The multiplexer-demultiplexer described in the U.S. Pat. No. 3,816,835 comprises, on the one hand, starting from the port intended for connection to the radiating section of the antenna:

IN A SERIES ARRANGEMENT, TWO DIRECTIONAL COUPLERS ENSURING TOTAL COUPLING IN THE FREQUENCY BAND FROM 3.6 TO 4.2 KMC RESPECTIVELY FOR THE V and H polarizations and a polarizer having a port (which is its "input port" where demultiplexing is concerned) coupled to the second directional coupler. This multiplexer-demultiplexer comprises on the other hand:

TWO WAVEGUIDES, EACH WITH A STUB, THE TWO WAVEGUIDES HAVING THEIR FIRST ENDS RESPECTIVELY COUPLED TO THE TWO POLARIZATION PORTS OF THE POLARIZER; A FIRST AND A SECOND Y-junction, coupled by their first ports respectively to the second ends of said waveguides; a first band-pass filter coupled to the second port of the first Y-junction, and a second band-pass filter coupled to the second port of the second Y-junction.

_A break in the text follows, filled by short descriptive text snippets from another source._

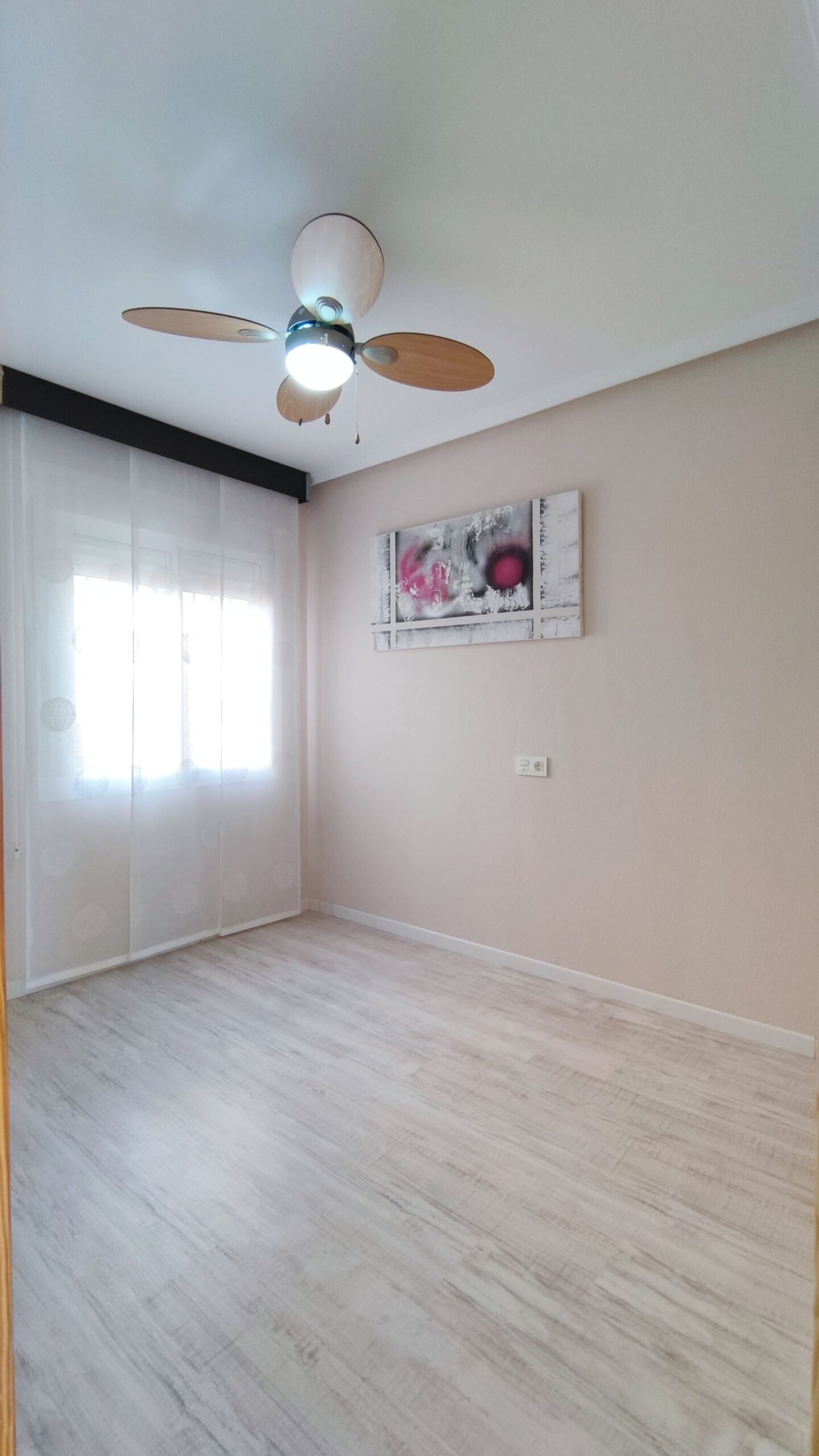 CHALET ADOSADO DE 3 DORMITORIOS CON JARDÍN Y AMPLIA TERRAZA – MONFORTE DEL CID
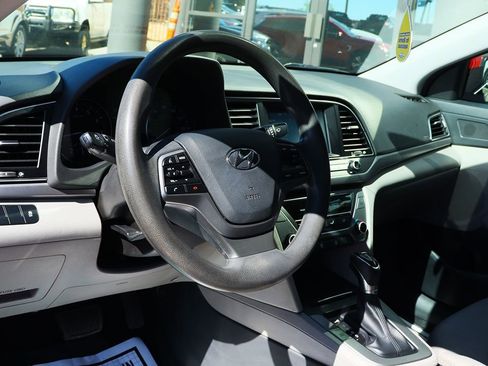 Used 2017 Hyundai Elantra SE image 38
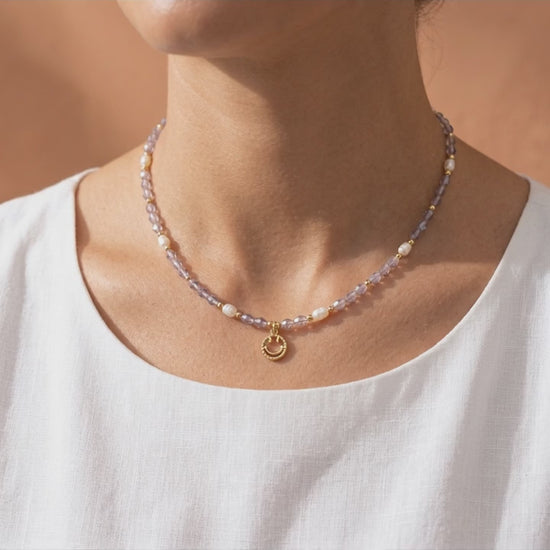 Video showcasing the 360-degree view, natural pearl luster, and cheerful gold smiley face detail of the 'Serotonin' dainty necklace.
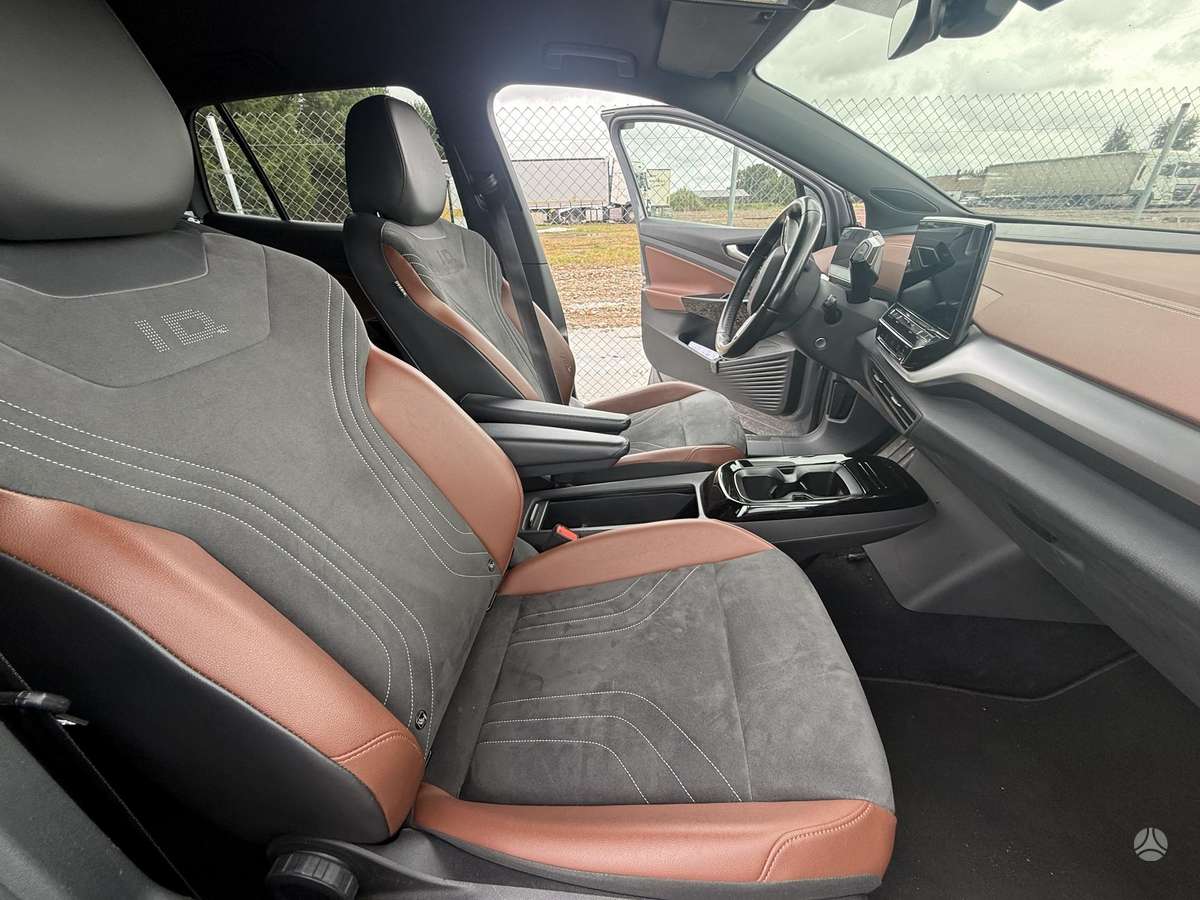 Volkswagen ID.4 - 10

An antenna equipped with this kind of multiplexer-demultiplexer makes it possible to operate simultaneously in three frequency bands:

THE COMPLETE BAND FROM 3.7 TO 4.2 KMC, USING THE TWO POLARIZATIONS V and H;

The half-band from 5.9 to 6.4 kmc, using the two polarizations V and H;

the half-band from 6.4 to 7.1 kmc, using the two polarizations V and H.

The multiplexer-demultiplexer which forms the object of the present invention, has been improved in particular in order to allow it to effect simultaneous transmission of at least four frequency bands.

These four frequency bands comprise, in addition to the three bands above mentioned (bands 4 kmc, 6 kmc and 7 kmc), either a band from 10.7 to 11.7 kmc, or that from 1.7 to 2.1 kmc or a band comprised between 7.1 and 7.7 kmc.

In accordance with another improvement, the multiplexer-demultiplexer is given a modular design making it possible to modify the choice of the bands which are transmitted.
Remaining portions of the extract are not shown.